Als Petrus das hört, will er sich auf einmal ganz waschen lassen, selbst ganz niederbeugen. Aber auch darin missversteht er Jesus noch einmal. Petrus hat ja schon so viel gehört durch das Wort Jesu, er ist schon lange bei ihm gewesen. Aber jetzt geht es darum, dass er bis ins Mark versteht, dass es um Hingabe geht; dass der Erlöser ihm ein Geschenk machen will, dass Petrus aus sich selbst nicht hat; ein Geschenk, das er zunächst noch nicht nachmachen, sondern nur annehmen kann. Dem er sich nur öffnen, nur überlassen kann. Und zwar ohne selbst noch einmal dazu beizutragen, dass die Erniedrigung doch nicht ganz so schlimm aussieht. Nein, die Erniedrigung aus Liebe geht aufs Ganze, jetzt bei der Fußwaschung – und danach umso drastischer am Kreuz.

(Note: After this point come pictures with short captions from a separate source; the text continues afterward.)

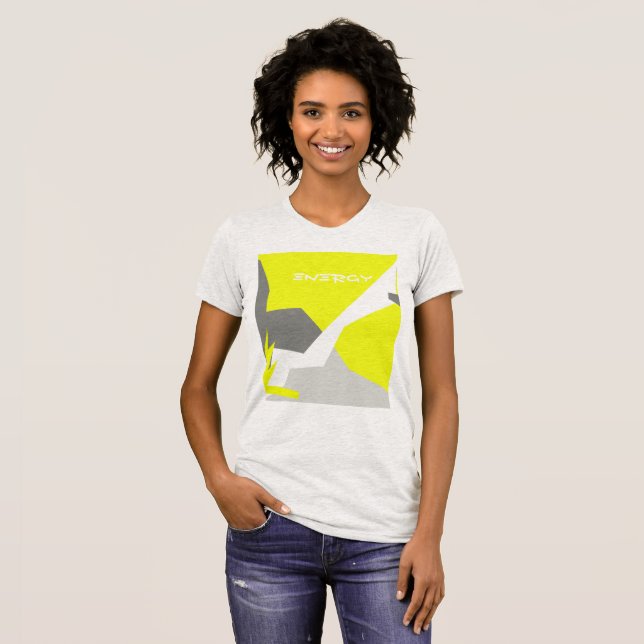 T-shirt Art Abstrait Énergie gris jaune (Devant entier)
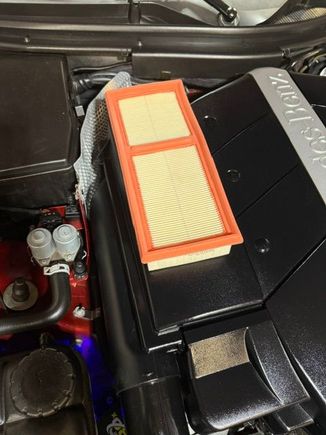 Surprisingly big difference in size of filters and their installation chambers.  One wonders why they went with all the smaller parts to begin with, including the throttle body.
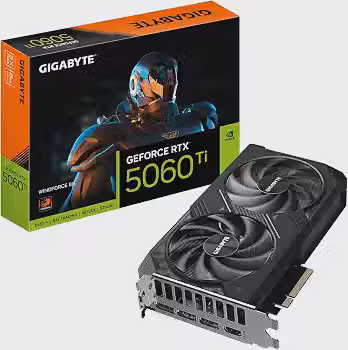 Gigabyte Placa de vídeo GeForce RTX 5060 Ti WINDFORCE 8G - 8GB GDDR7, 128bit, PCI-E 5.0, 2572MHz Core Clock, 3 x DisplayPort, 1 x HDMI, GV-N506TWF2-8GD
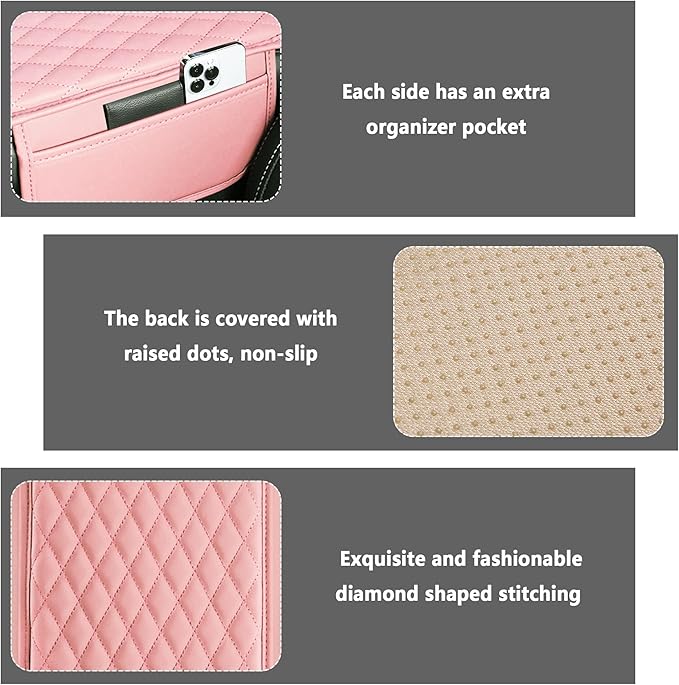 Car Center Console Cover for Hummer H2 2003-2009, Car Armrest Cover Cushion Arm Rest Cover Auto Interior Arm Rest Seat Box Pad Accessories,Pink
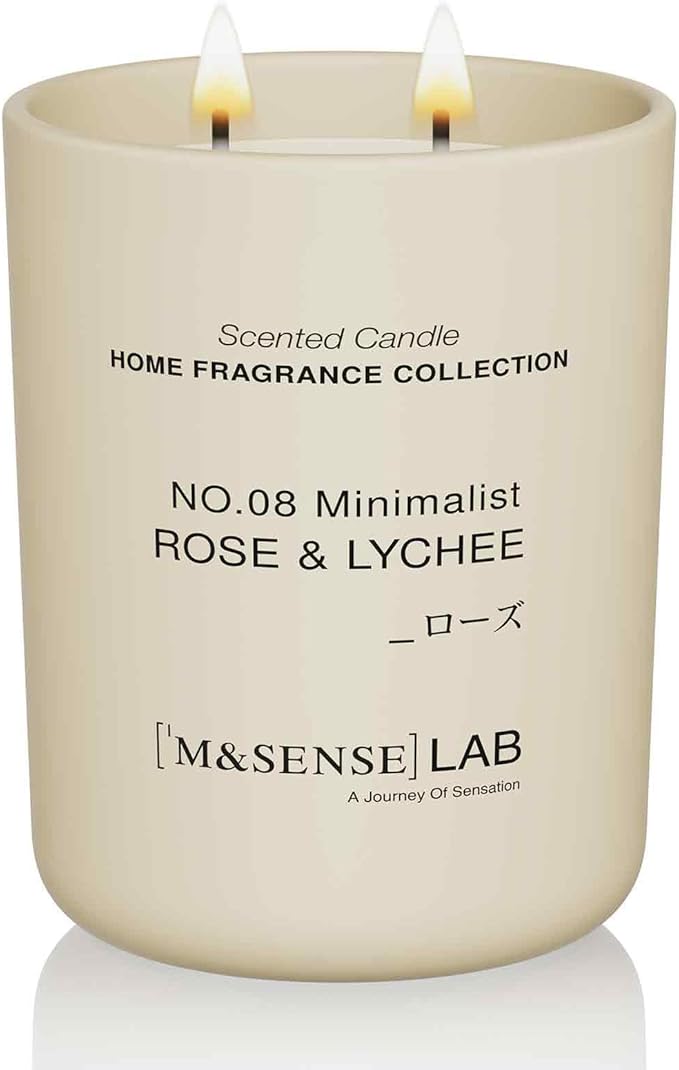 M&SENSE Natural Soy Candle| Rose & Lychee | 16.6 oz, 95H Burn | Minimalist Christmas Scented Candle for Relaxation, Gifting, Home Décor | for Bedroom, Office, Party Large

Ehrfürchtiges Staunen und Schweigen

Liebe Schwestern, liebe Brüder, diese Tage des Leidens Jesu sind für uns immer neu ungeheuer wertvoll. Sie wollen uns tiefer verstehen lassen, dass auch die Teilnahme an der Kommunion nicht einfach ein schneller religiöser Ritus ist. Es ist auch nicht etwas, was man nur vordergründig über die Kategorie „darf ich oder darf ich nicht“ behandeln sollte. Es ist wirklich Teilnahme an Jesu Tod, der ins Leben führt; Teilnahme an seinem Kreuz, Teilnahme an der heiligsten Handlung, die je in der Menschheitsgeschichte vorgekommen ist; es ist Teilnahme am Durchbruch in ein neues Leben. Immer neu. Jesus führt uns immer neu seine Erniedrigung vor Augen – und sagt jedem, der sich darauf einlässt: Ich mach es wirklich für Dich aus Liebe! Damit in Deinem Herzen etwas von meinem Geist lebendig wird, vom Geist meiner Liebe, vom neuen Leben. Liebe Schwestern, liebe Brüder, das ist so groß, dass wir oft nicht anders können als es im ehrfürchtigen Staunen und Schweigen zu betrachten – in der Hoffnung, dass unser ganzes Herz wirklich auch immer mehr sein ganzes Ja dazu sagen kann. Amen.